Directions - Beginning with the line containing "CrossFire - Fire" and ending with the line containing "Hammond Dr @", write out each line of the records below exactly; pictures and lines outside that range are left out.

Record excerpts -
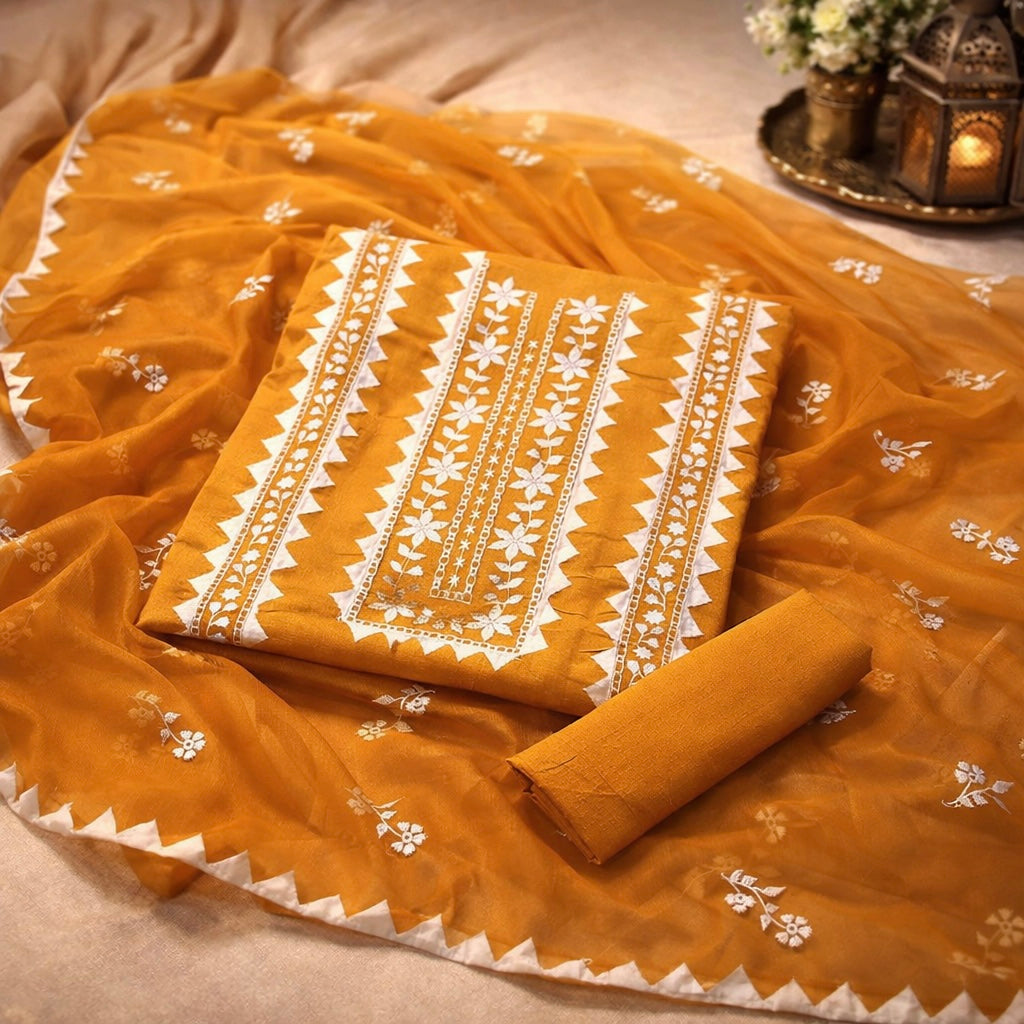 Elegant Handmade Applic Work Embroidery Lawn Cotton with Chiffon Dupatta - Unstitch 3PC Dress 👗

* * *

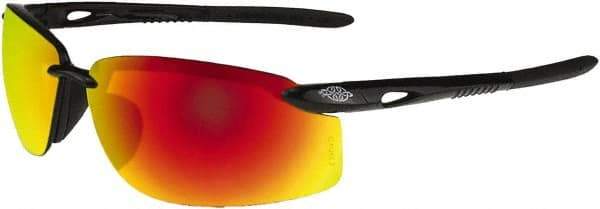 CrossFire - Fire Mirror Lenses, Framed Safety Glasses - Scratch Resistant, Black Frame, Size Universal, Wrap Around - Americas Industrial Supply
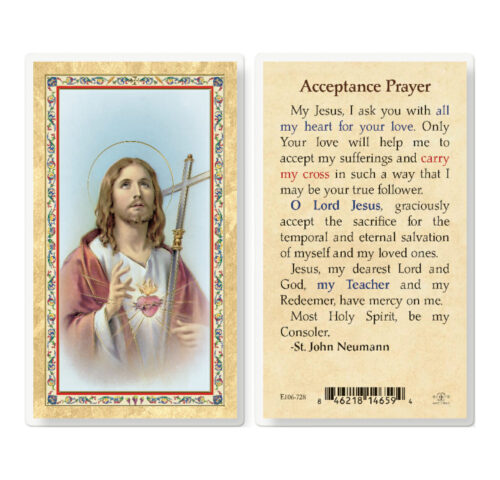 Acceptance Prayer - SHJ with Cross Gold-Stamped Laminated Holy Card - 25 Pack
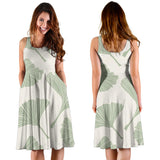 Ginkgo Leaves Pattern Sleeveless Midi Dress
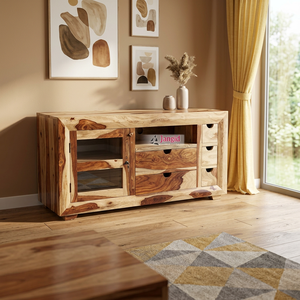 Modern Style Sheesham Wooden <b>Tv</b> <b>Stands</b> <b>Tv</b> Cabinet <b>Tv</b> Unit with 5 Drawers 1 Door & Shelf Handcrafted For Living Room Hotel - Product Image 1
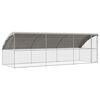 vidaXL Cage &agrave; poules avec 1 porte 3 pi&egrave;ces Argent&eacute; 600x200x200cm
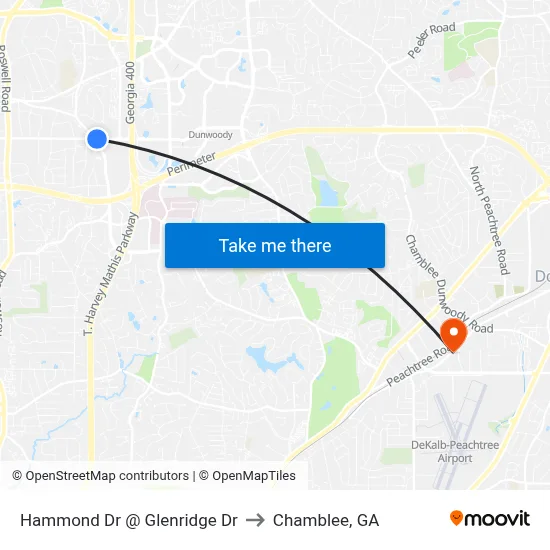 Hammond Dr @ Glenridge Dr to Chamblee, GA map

Task answer -
 CrossFire - Fire Mirror Lenses, Framed Safety Glasses - Scratch Resistant, Black Frame, Size Universal, Wrap Around - Americas Industrial Supply
 Acceptance Prayer - SHJ with Cross Gold-Stamped Laminated Holy Card - 25 Pack
 Ginkgo Leaves Pattern Sleeveless Midi Dress
 Modern Style Sheesham Wooden <b>Tv</b> <b>Stands</b> <b>Tv</b> Cabinet <b>Tv</b> Unit with 5 Drawers 1 Door & Shelf Handcrafted For Living Room Hotel - Product Image 1
 vidaXL Cage &agrave; poules avec 1 porte 3 pi&egrave;ces Argent&eacute; 600x200x200cm
 Hammond Dr @ Glenridge Dr to Chamblee, GA map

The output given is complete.